F. S. : Si la fonction RH ne prend pas en main ces enjeux, qui le fera ? Ces questions sont totalement inédites. Tous nos modes de pensée sont structurés par l’idée que le fonctionnement d’une entreprise est rationnel. Les managers s’appuient aujourd’hui sur des méthodes permettant d’atteindre des objectifs, de les mettre en place comme de les suivre.

Or, la raison comme unique principe organisateur a largement montré ses limites. C’est la dimension du pathos, de l’émotion qu’il s’agit de réintégrer dans l’entreprise.

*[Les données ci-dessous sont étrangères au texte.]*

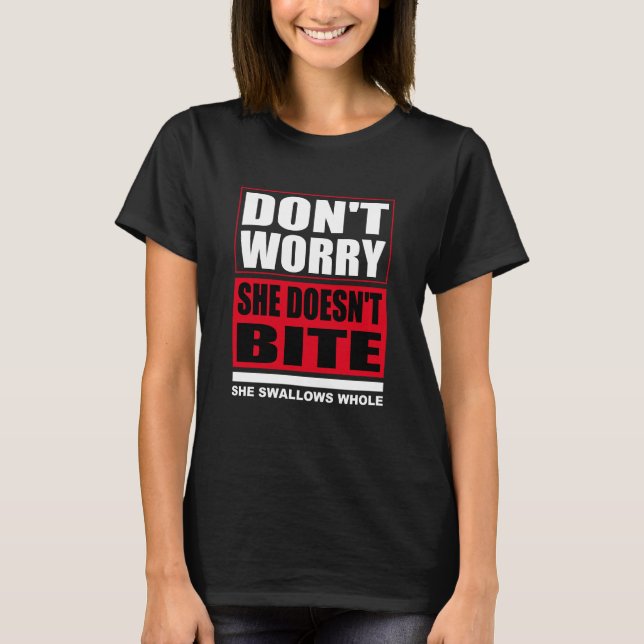 T-shirt Ne t'inquiète pas qu'elle ne mord pas. Chiens Drôl (Devant)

Il est donc nécessaire de développer les capacités d’écoute et d’empathie de chacun et, en premier lieu, celles des managers. Cela signifie que les entreprises doivent elles-mêmes faire émerger de nouvelles pratiques et expérimenter de nouvelles formes d’organisation du travail. La fonction RH doit adopter un rôle d’accompagnement des collectifs de travail, de médiation et de régulation entre les acteurs. Ce n’est qu’à cette condition que les entreprises réussiront la mutation culturelle qui va être exigée de leurs salariés. C’est en parvenant à combiner le “travailler ensemble” au “vivre ensemble” que l’on crée les conditions d’un travail collaboratif efficace. La postmodernité est justement l’expression de l’émergence de ce nouveau monde. Et la transition que nous vivons actuellement n’est pas de tout repos.

PARCOURS

• François Silva est directeur de l’Institut des nouvelles pratiques managériales de FBS (France Business School) et professeur associé au Cnam. Docteur en sociologie, il dirige des projets européens de recherche sur les thématiques relatives aux nouvelles formes d’organisation du travail et à la RSE.

• Il préside la commission SIRH-Numérisation de l’entreprise à l’ANDRH.

• Il est l’auteur de Être e-DRH, postmodernité, nouvelles technologies et fonction RH (éd. Liaisons, 2012).

LECTURES

• Refonder l’entreprise, Blanche Segrestin et Armand Hatchuel, Seuil, 2012.

• La cause humaine – Du bon usage de la fin d’un monde, Patrick Viveret, Les Liens qui libèrent, 2012.

• L’âge de l’empathie : leçons de la nature pour une société solidaire, Frans de Wall, Les Liens qui libèrent, 2010.

• La crise de la conscience européenne 1680-1715, Paul Hazard, LGF, Le Livre de poche, 1994.